[Image-text web data]
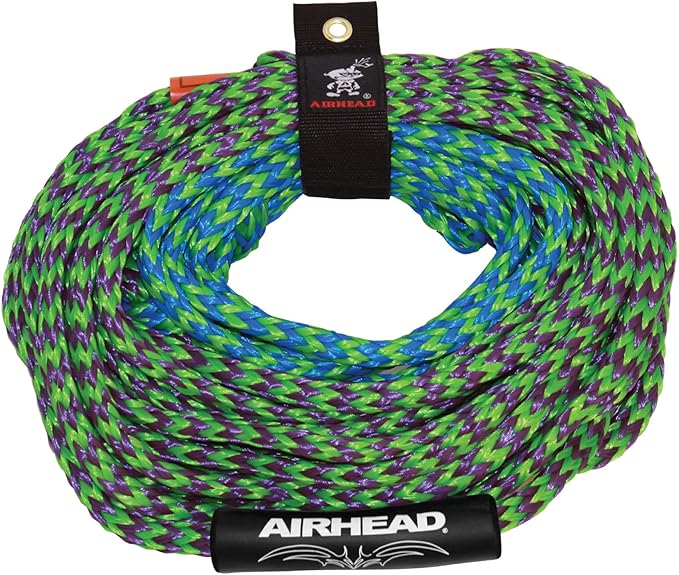 Sportsstuff Booster Ball, Towable Tube Rope Performance Ball Dimensions inflated (38in x 28in) deflated (45in x 36in)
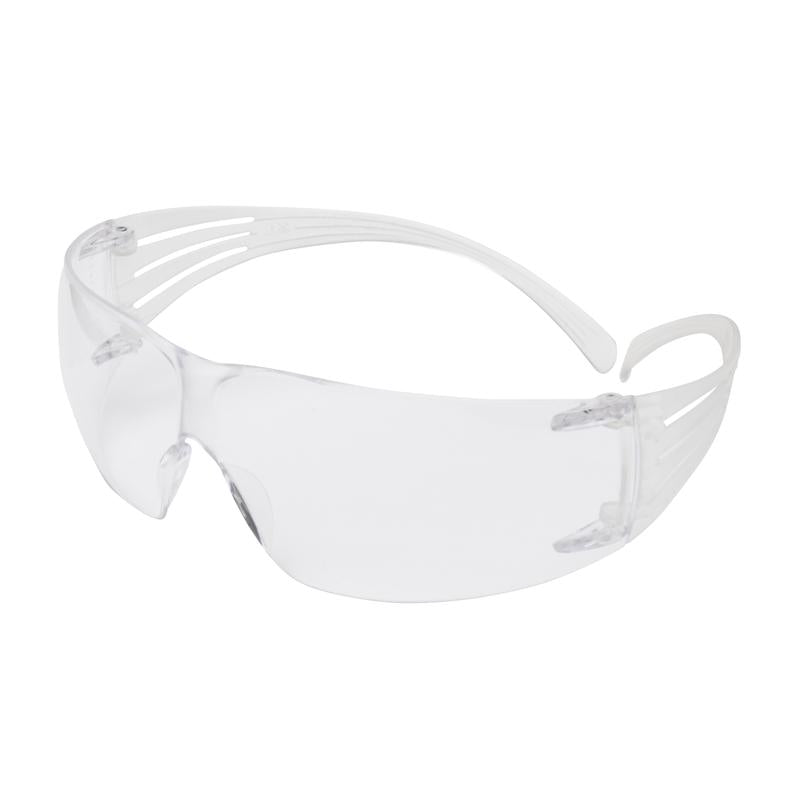 Okulary ochronne 3M™ SecureFit™ 200, powłoka odporna na zarysowania, przezroczyste soczewki, SF201AS-EU | Opakowanie (1 szt.)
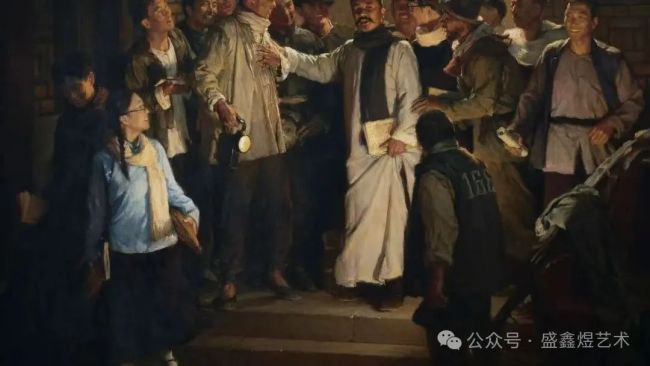 对话李前丨在光影与历史的交汇处，绘画以戏剧性的力量重塑真实
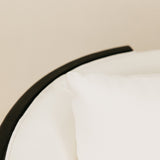 Horizon Leisure Chair – Black & White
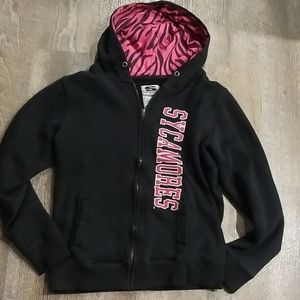 Indiana state zip up hoody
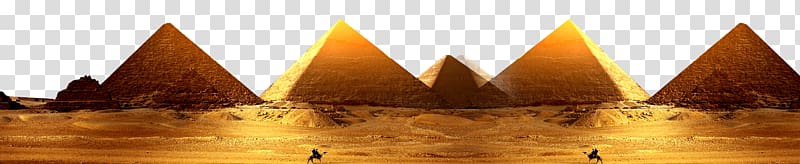 Egyptian pyramids, pyramid transparent background PNG clipart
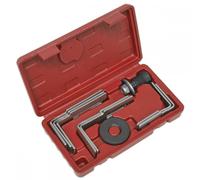 Sealey VS6421 Fuel Tank Sender Spanner Set 9Pc 24Mm Hex Drive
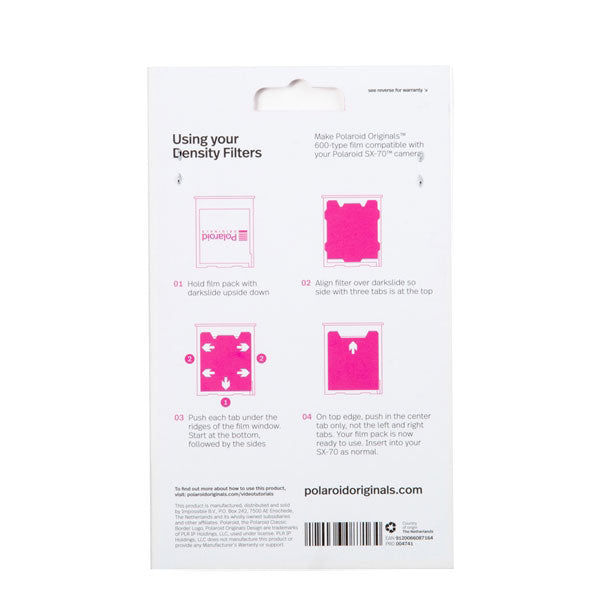 Polaroid Originals ND Filter Double Pack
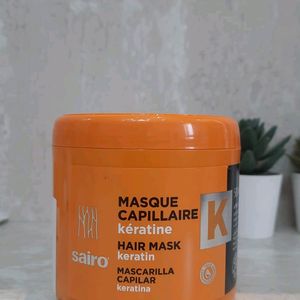 Sairo Masque Capillaire Keratin Hair Mask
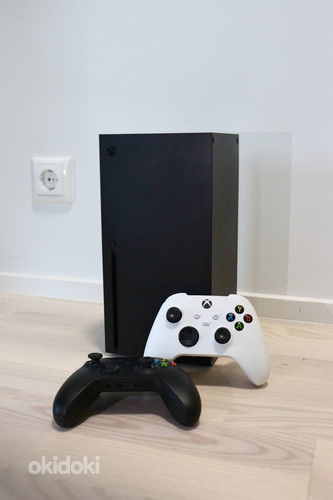 Xbox Series X в отличном состоянии (фото #1)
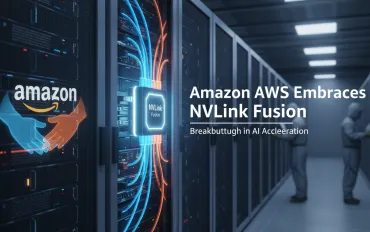 Amazon AWS abbraccia NVLink Fusion: svolta nell'accelerazione IA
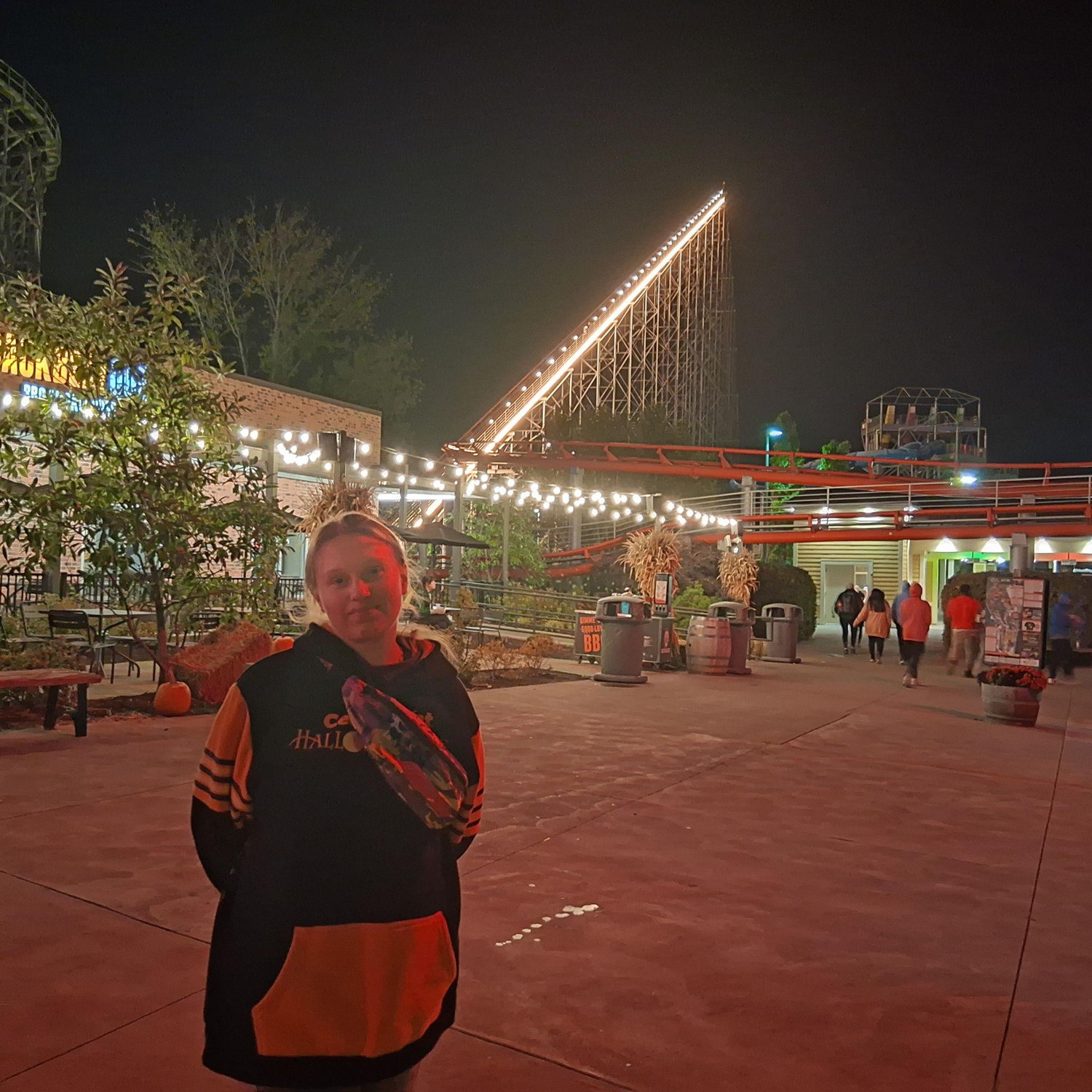Last day of cedar point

• **Problem to solve**
Word-for-word restatement: every line from the one with "Polaroid Originals ND Filter Double Pack" through the final line of the data, both ends included, pictures excluded.

• **Result**
 Polaroid Originals ND Filter Double Pack
 Sairo Masque Capillaire Keratin Hair Mask
 Xbox Series X в отличном состоянии (фото #1)
 Amazon AWS abbraccia NVLink Fusion: svolta nell'accelerazione IA
Last day of cedar point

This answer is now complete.